Toutes échappent à la violence
interne que déchaîneraient de trop fréquentes peurs, colères, ou rages.
Il est évidemment possible de confirmer
cette première affirmation du texte en énumérant aussi bien les fourmis que les éléphants, les castors que les
girafes...
Ce qui importe est de souligner que le désir de compagnie se manifeste de manière particulièrement
forte chez l'homme.
Celui-ci est de tous les êtres vivants le plus ardemment désireux d'une société, mais aussi le mieux adapté « par
les avantages les plus nombreux » : la vie en société lui apporte des satisfactions qu'il ne peut connaître en
dehors d'elle – ce qui signifie bien que la présence des autres est pour l'être humain un véritable besoin «
existentiel ».
C'est que tout désir de l'homme se réfère à la société : il ne peut se formuler pleinement et trouver
sa satisfaction complète que dans un entourage social.
En s'intéressant à ce que peuvent devenir, en l'absence des autres, les deux pôles de l'affectivité, Hume indique
que toute positivité y devient impossible.
Le plaisir diminue lorsqu'on est seul à en profiter, et la peine augmente :
ainsi ce qui devrait satisfaire a-t-il tendance à s'affaiblir, tandis que la souffrance augmente, ce qui illustre
l'affirmation selon laquelle « la parfaite solitude est peut-être la plus grande punition que nous puissions souffrir ».

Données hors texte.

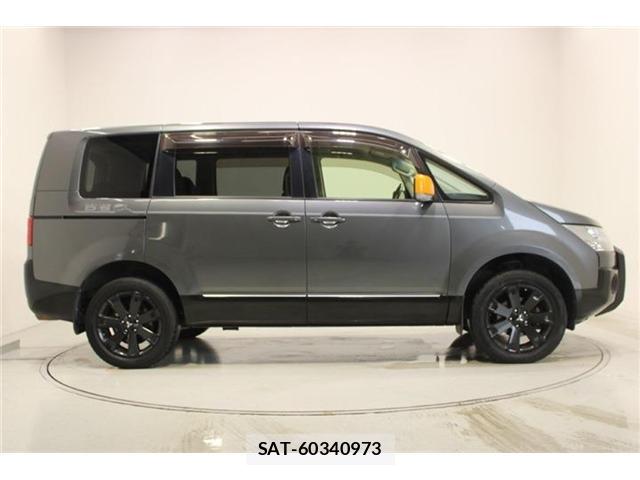 Mitsubishi DELICA 2018-07 8011316-13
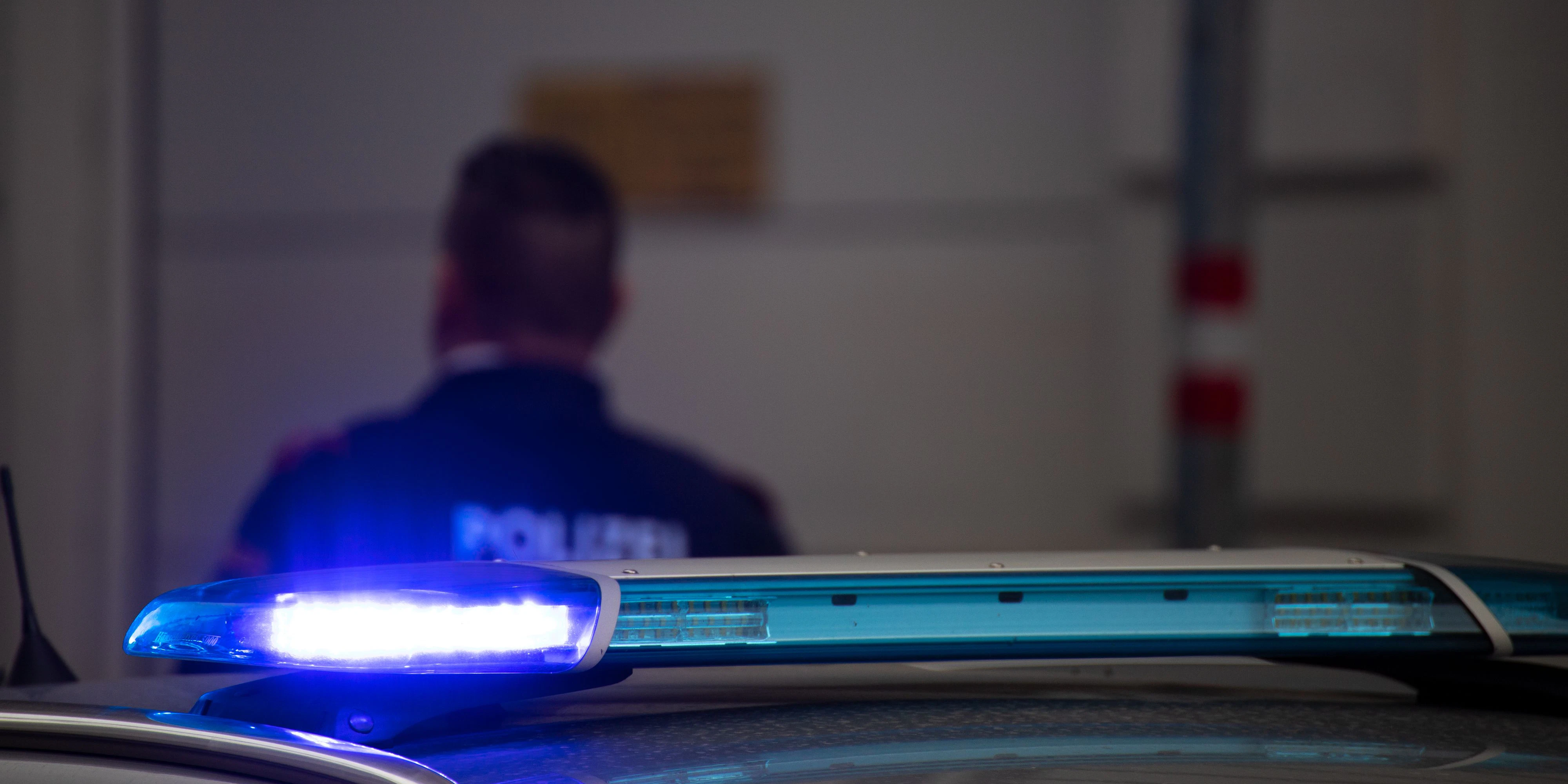 Der Mann fiel wegen seines rasanten Fahrstils auf.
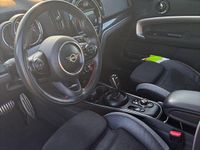 Second-hand Mini Cooper SD 190 CP (139 kW) 2019 Negru Hatchback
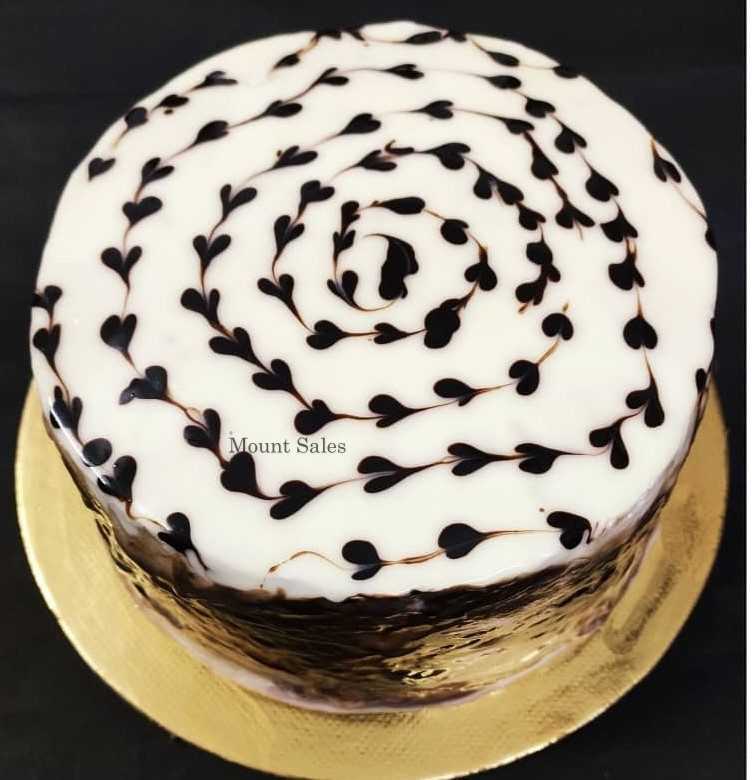 Premium RED N White Velvet Cake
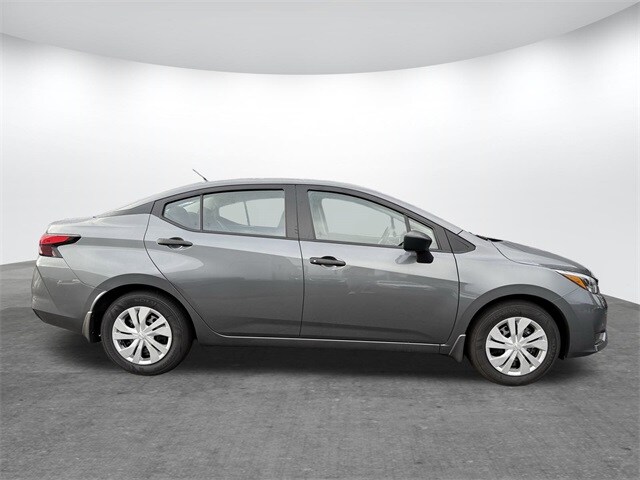 2025 Nissan Versa 1.6 S photo 3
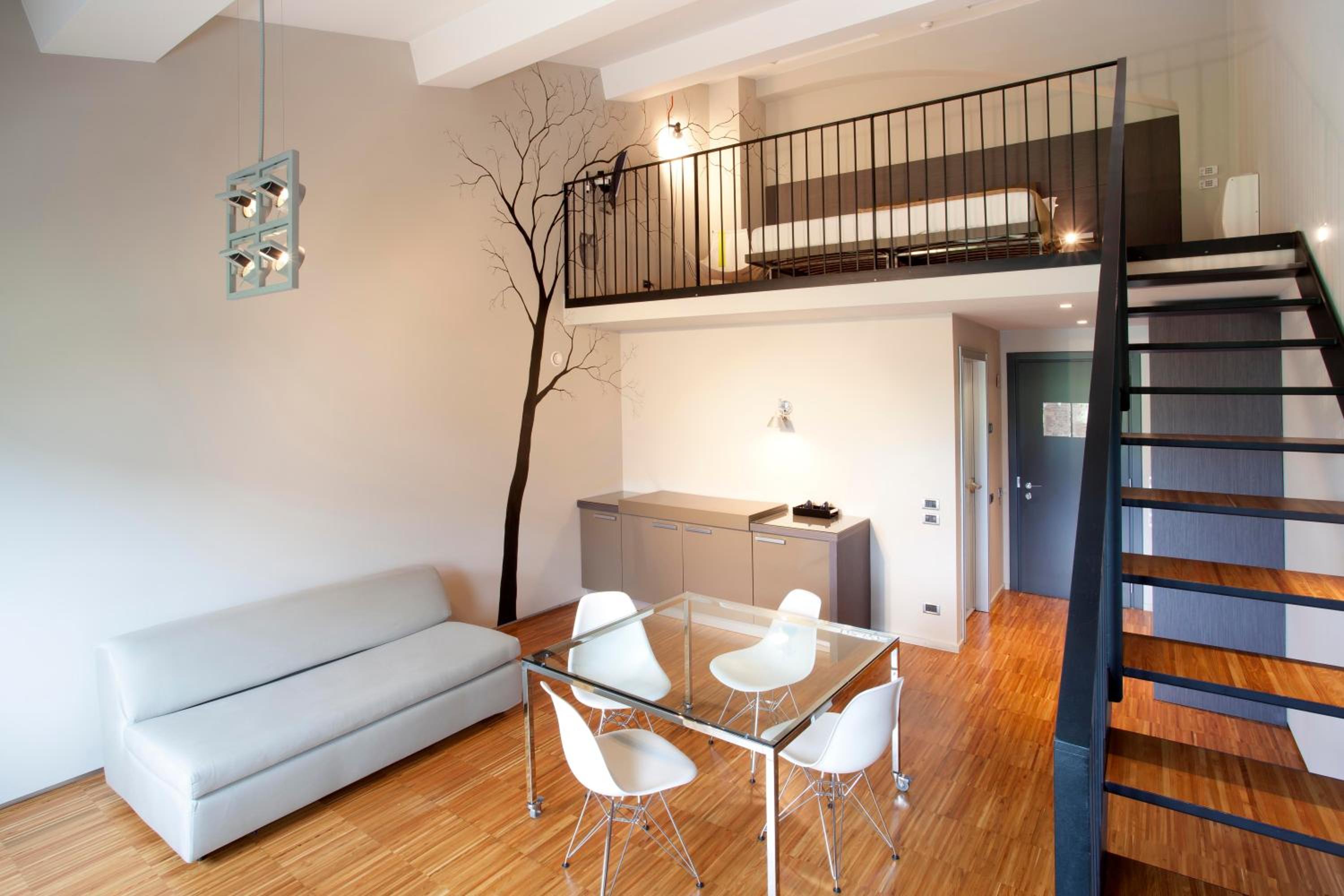 Loft - Photo 2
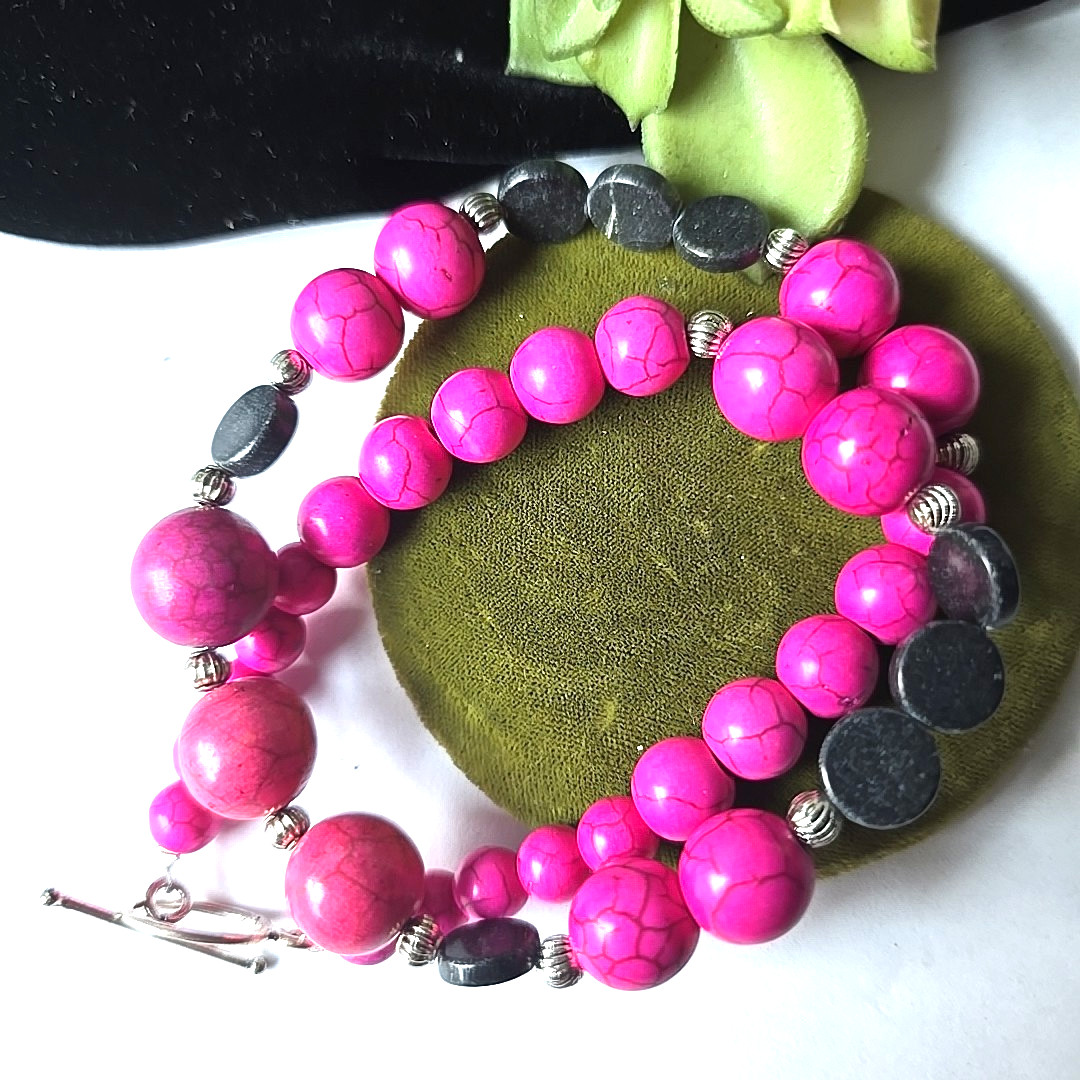 Vintage Hand Crafted Pink Dyed Black Stone Beads Necklace Toggle Clasp 17″L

La solitude nous empêche en effet, simplement parce que nous y manquons de toute complicité (quel qu'en soit le
mode) avec autrui, de développer pleinement nos potentialités.
[II.
Nécessité de la sympathie]
L'absence de l'autre nous condamne à ressentir seul : le plaisir non partagé, ou plus simplement encore non
montré à un autre, est moins fort.
La peine dont je ne peux me plaindre à personne, ou dont personne ne peut
me consoler, est nécessairement plus difficile à supporter.
L'autre n'est donc pas exactement, dans de telles situations, l'équivalent de moi-même : il est d'abord mon
témoin ou mon secours, et sa présence m'importe parce qu'il peut penser à mon propos ou sentir en même temps
que moi.
La sympathie désigne cette co-présence d'un être sensible, capable de ressentir en même temps que
moi.
Mais cela ne signifie pas qu'il ressent les mêmes choses que moi : les affects peuvent être dissymétriques,.